[[ Records to process open ]]
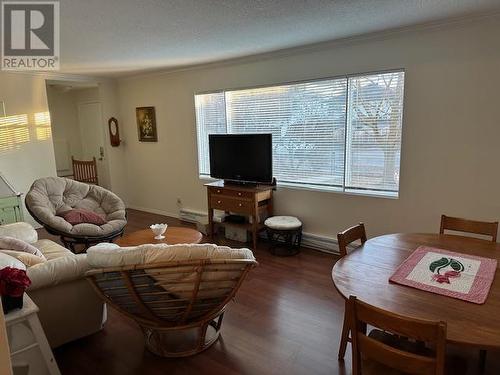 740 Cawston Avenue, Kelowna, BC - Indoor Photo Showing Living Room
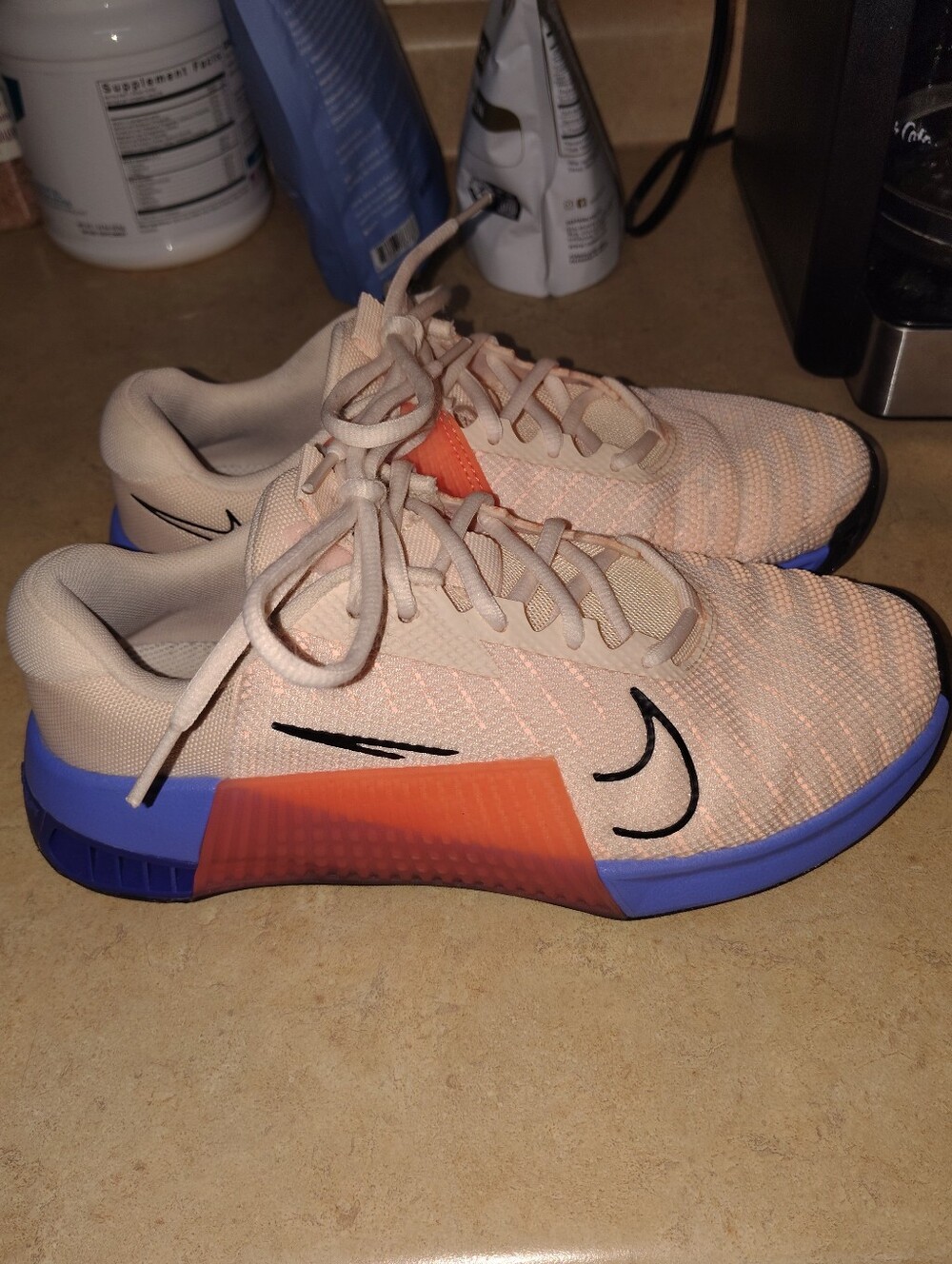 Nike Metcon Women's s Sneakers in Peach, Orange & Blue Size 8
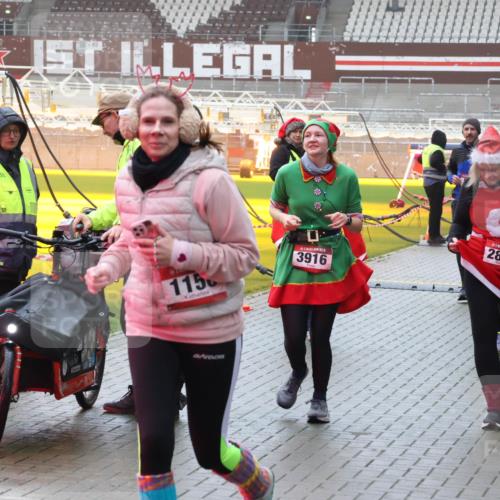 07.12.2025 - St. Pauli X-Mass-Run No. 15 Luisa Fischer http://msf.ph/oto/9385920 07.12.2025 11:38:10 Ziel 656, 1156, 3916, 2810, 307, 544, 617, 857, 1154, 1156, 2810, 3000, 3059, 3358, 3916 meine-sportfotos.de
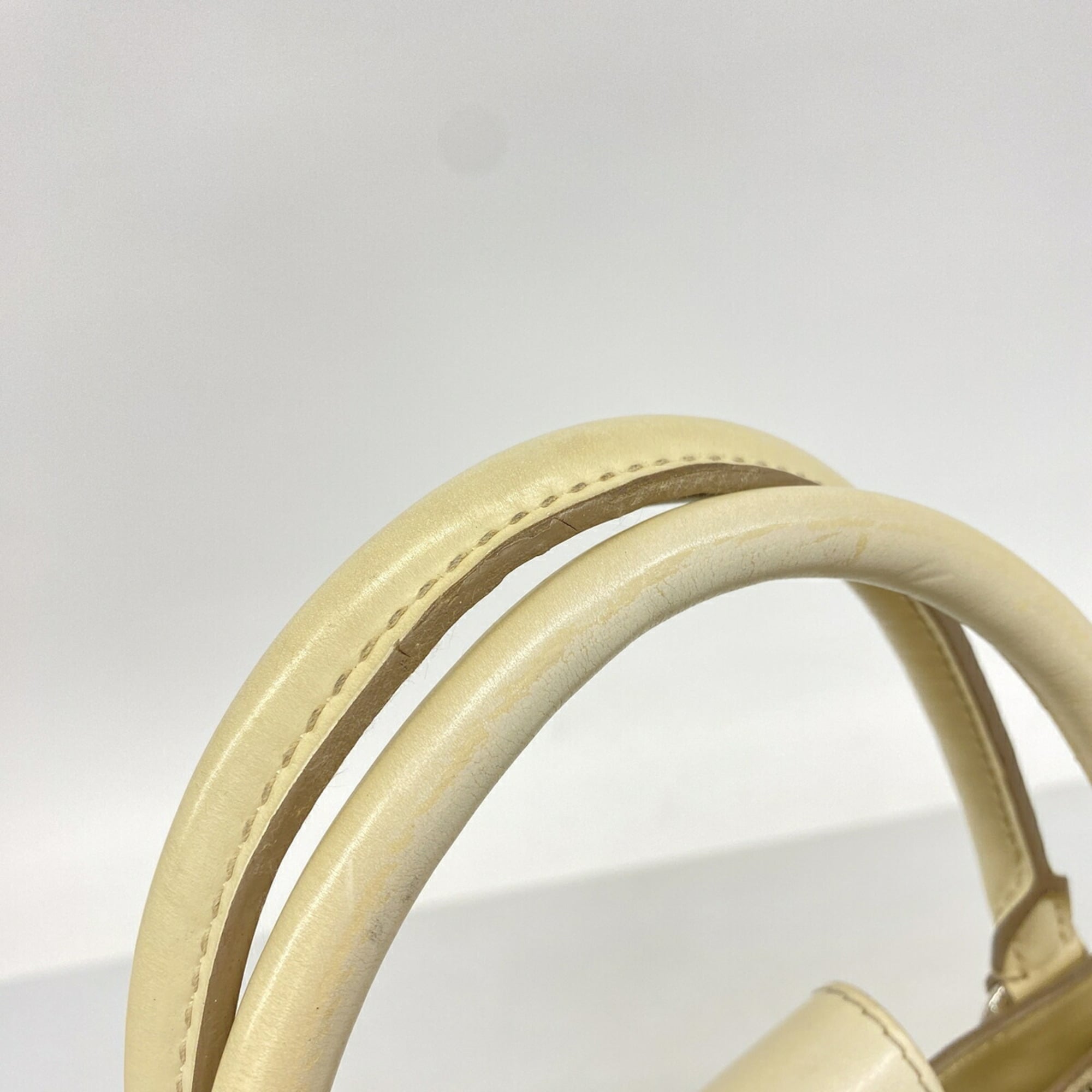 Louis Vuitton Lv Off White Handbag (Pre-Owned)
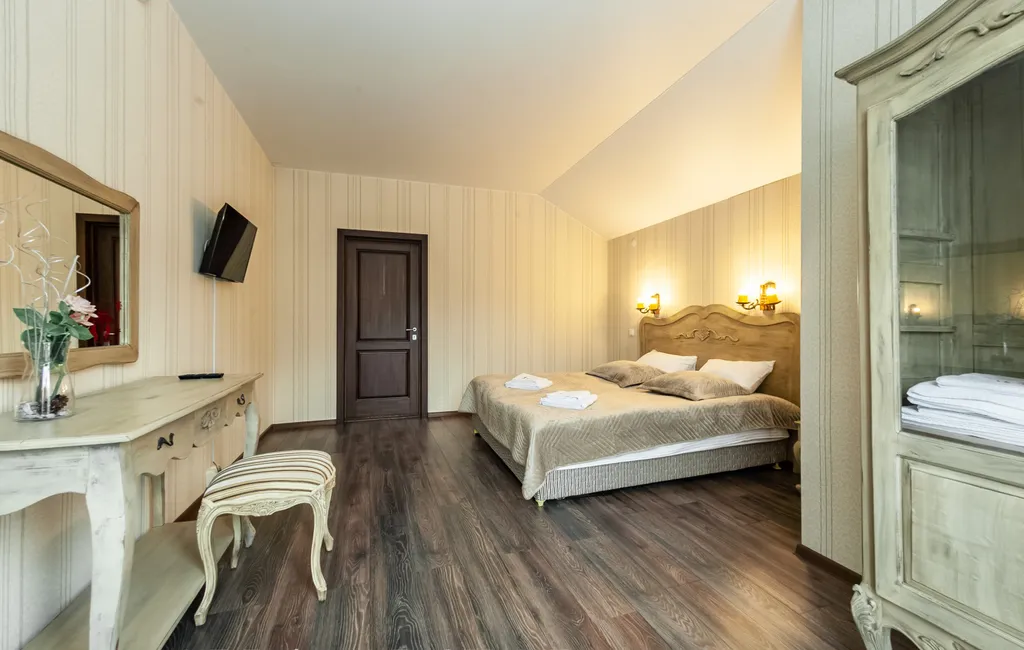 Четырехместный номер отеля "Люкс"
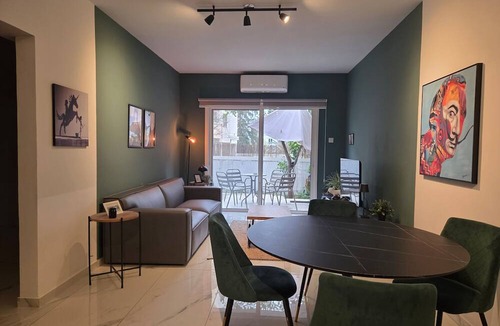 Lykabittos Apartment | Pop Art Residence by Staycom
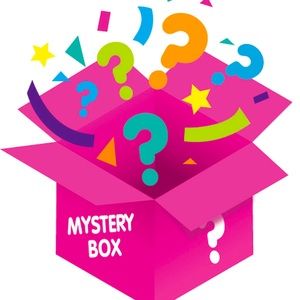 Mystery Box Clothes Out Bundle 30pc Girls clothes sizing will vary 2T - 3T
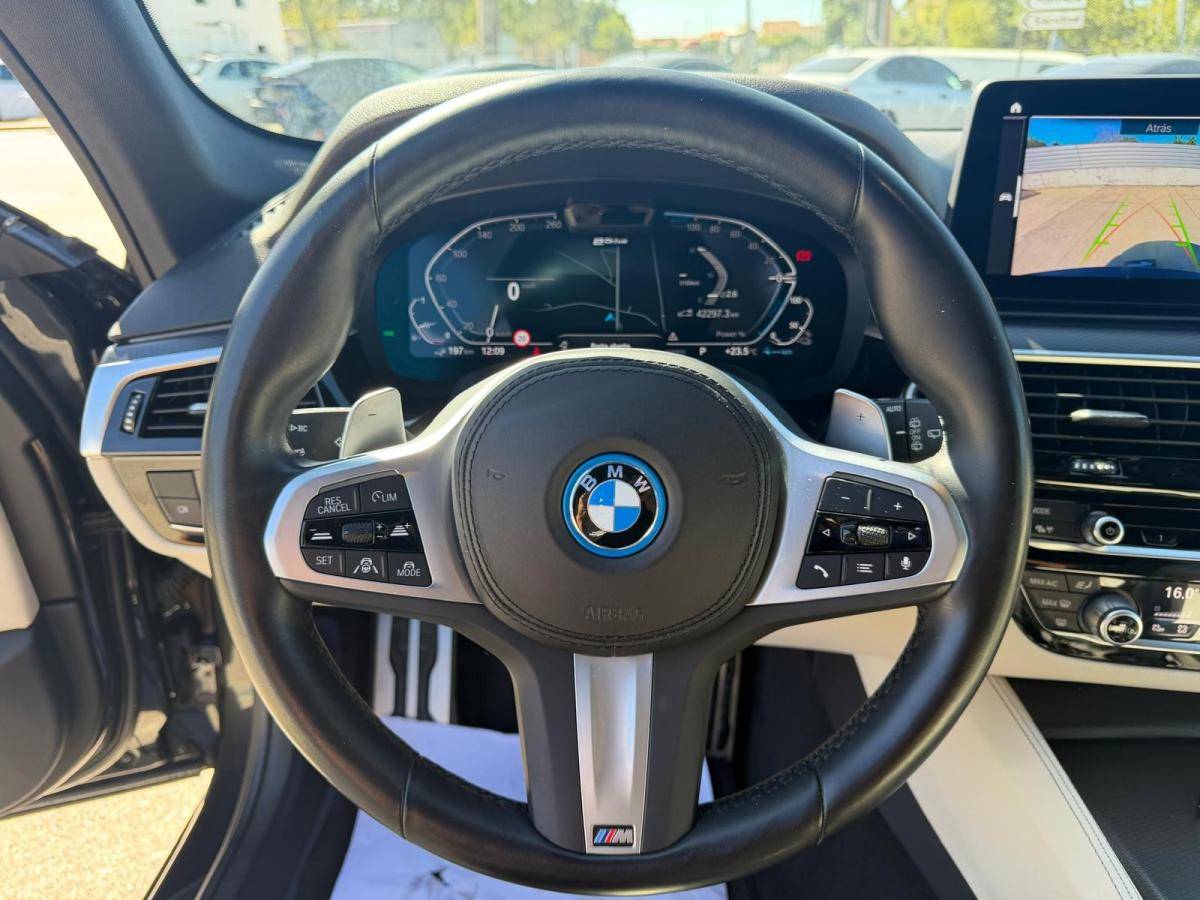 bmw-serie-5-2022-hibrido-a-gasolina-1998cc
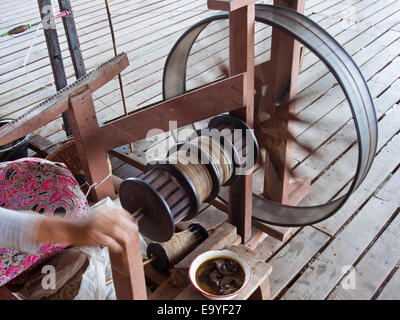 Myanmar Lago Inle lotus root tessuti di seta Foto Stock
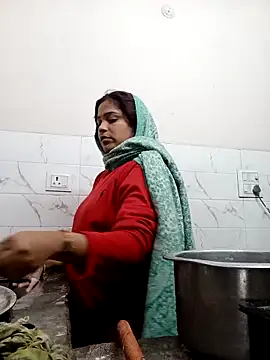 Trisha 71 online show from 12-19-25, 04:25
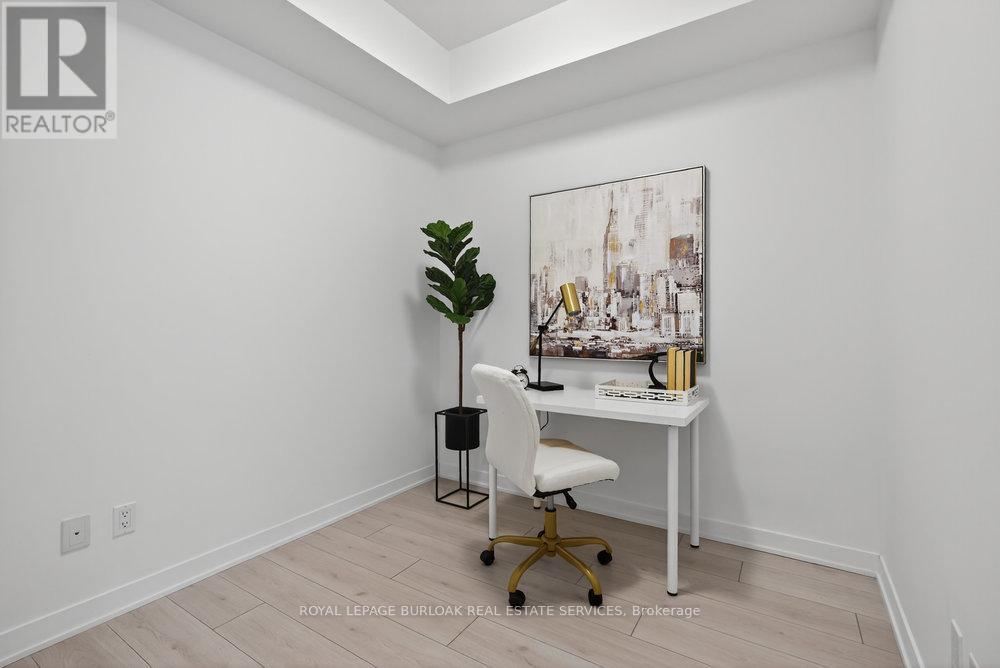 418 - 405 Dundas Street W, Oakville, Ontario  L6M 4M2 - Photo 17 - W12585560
[[ Records to process closed ]]
■ **Problem to work on**:
From the line containing "Louis Vuitton Lv" to the last line of the records, inclusive, output the lines exactly as written and nothing else; leave out the pictures.

■ **Completed exercise**:
 Louis Vuitton Lv Off White Handbag (Pre-Owned)
 Четырехместный номер отеля "Люкс"
 Lykabittos Apartment | Pop Art Residence by Staycom
 Mystery Box Clothes Out Bundle 30pc Girls clothes sizing will vary 2T - 3T
 bmw-serie-5-2022-hibrido-a-gasolina-1998cc
 Myanmar Lago Inle lotus root tessuti di seta Foto Stock
 Trisha 71 online show from 12-19-25, 04:25
 418 - 405 Dundas Street W, Oakville, Ontario  L6M 4M2 - Photo 17 - W12585560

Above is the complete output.